**WORK ITEM:** Give back the full listing, character for character, with no pictures.

**MATERIAL PROVIDED:**
****************

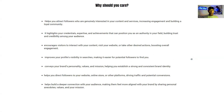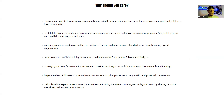Why should you even care? This bio helps you attract followers who are genuinely interested in your content and services, increasing engagement and building a loyal community. It highlights your credentials, expertise, and achievements, positioning you as an authority in your field and building trust and credibility. It encourages visitors to interact with your content, your website, or take other desired actions — bringing traffic from platforms to wherever you want them to go. It also conveys your brand's personality, values, and mission, helping you establish a strong, consistent brand identity and a deeper connection with your audience.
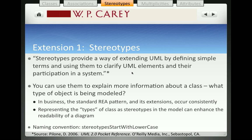This pattern is referred to as the REA pattern — resources, events, and agents — and is a model that's been in the academic literature since the late 70s and has been adopted by Workday as a way of looking at how to develop systems in an enterprise environment. We're going to show how there will be types of classes based on those resources, events, and agents, and how the diagrams become more readable when we've specified for each class what type of class it is.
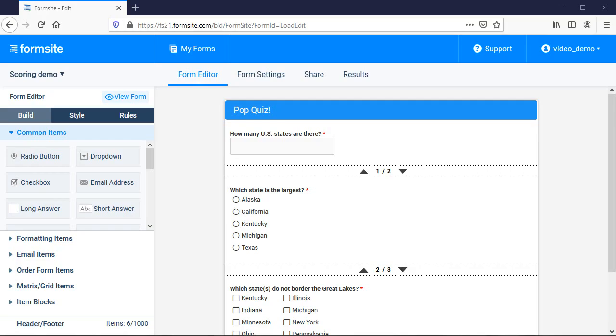Hi, this is Billy at Formsite and here I'm talking about scoring. Scoring is used to track the values from form visitors' answers and is commonly used with quizzes and conditional logic for rules.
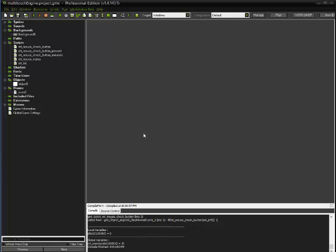Hello YouTube, I am here to show you an example of how to use my multi-touch engine for GameMaker Studio.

****************

**TASK SOLUTION:**
Why should you even care? This bio helps you attract followers who are genuinely interested in your content and services, increasing engagement and building a loyal community. It highlights your credentials, expertise, and achievements, positioning you as an authority in your field and building trust and credibility. It encourages visitors to interact with your content, your website, or take other desired actions — bringing traffic from platforms to wherever you want them to go. It also conveys your brand's personality, values, and mission, helping you establish a strong, consistent brand identity and a deeper connection with your audience.
This pattern is referred to as the REA pattern — resources, events, and agents — and is a model that's been in the academic literature since the late 70s and has been adopted by Workday as a way of looking at how to develop systems in an enterprise environment. We're going to show how there will be types of classes based on those resources, events, and agents, and how the diagrams become more readable when we've specified for each class what type of class it is.
Hi, this is Billy at Formsite and here I'm talking about scoring. Scoring is used to track the values from form visitors' answers and is commonly used with quizzes and conditional logic for rules.
Hello YouTube, I am here to show you an example of how to use my multi-touch engine for GameMaker Studio.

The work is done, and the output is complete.